▶ _About this exercise_
Could you return every record below exactly as it stands, leaving out the pictures?

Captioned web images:
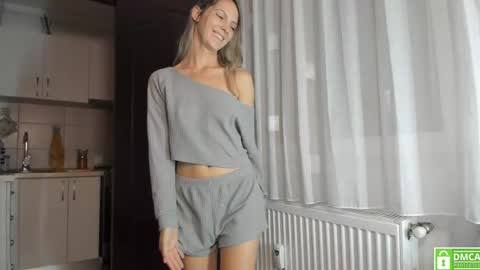 Snapshot of anahi1993 chatting on 09-27-25, 05:07 Anahi online show from 09-27-25, 05:07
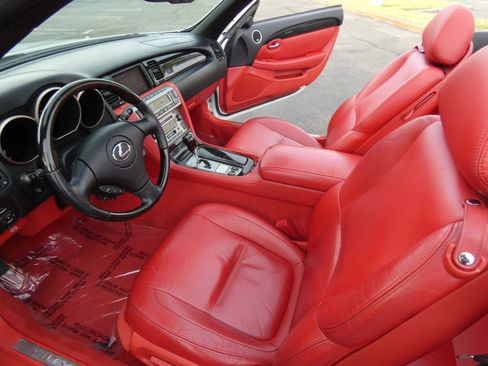 Used 2007 Lexus SC 430 Convertible image 43
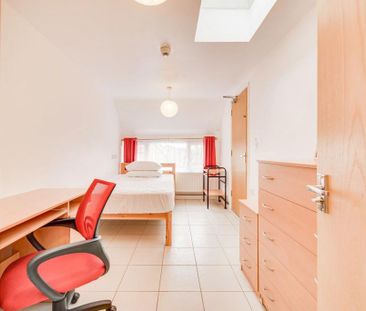 6 bedroom house to rent - Photo 3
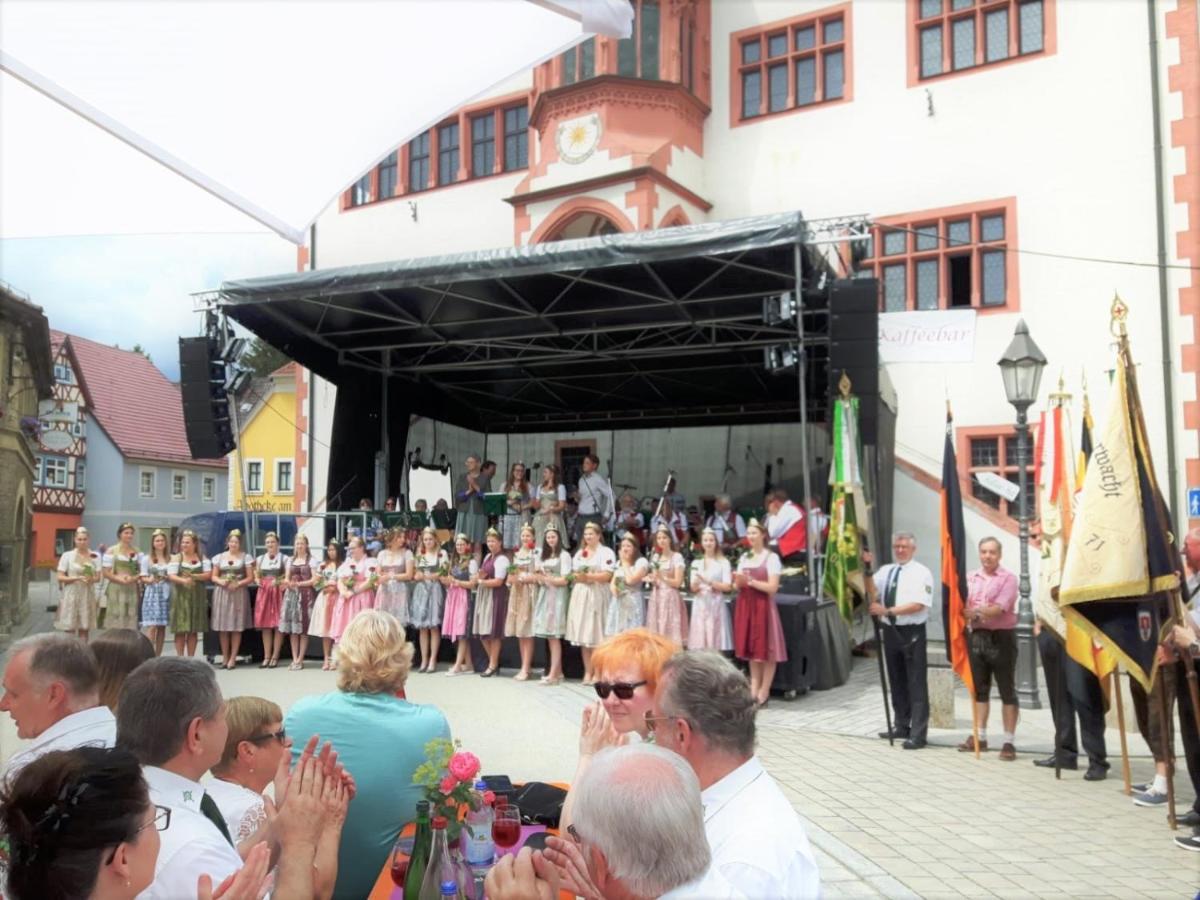 Aparthotel Alte Schmiede Dettelbach Esterno foto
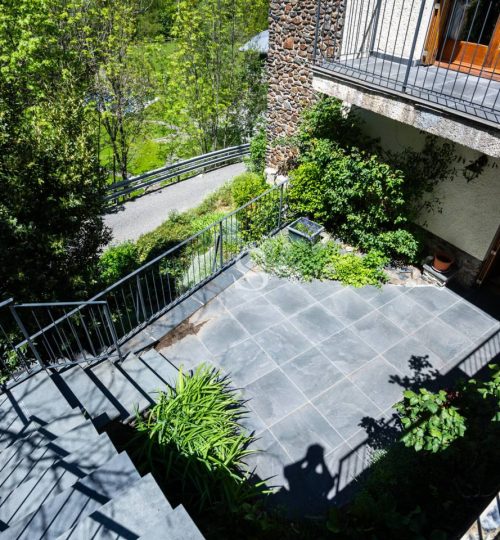 Chalet unifamiliar con jardín y terreno construible en venta – Anyós (La Massana), Sterling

▶ _Solution to this task_
 Snapshot of anahi1993 chatting on 09-27-25, 05:07 Anahi online show from 09-27-25, 05:07
 Used 2007 Lexus SC 430 Convertible image 43
 6 bedroom house to rent - Photo 3
 Aparthotel Alte Schmiede Dettelbach Esterno foto
 Chalet unifamiliar con jardín y terreno construible en venta – Anyós (La Massana), Sterling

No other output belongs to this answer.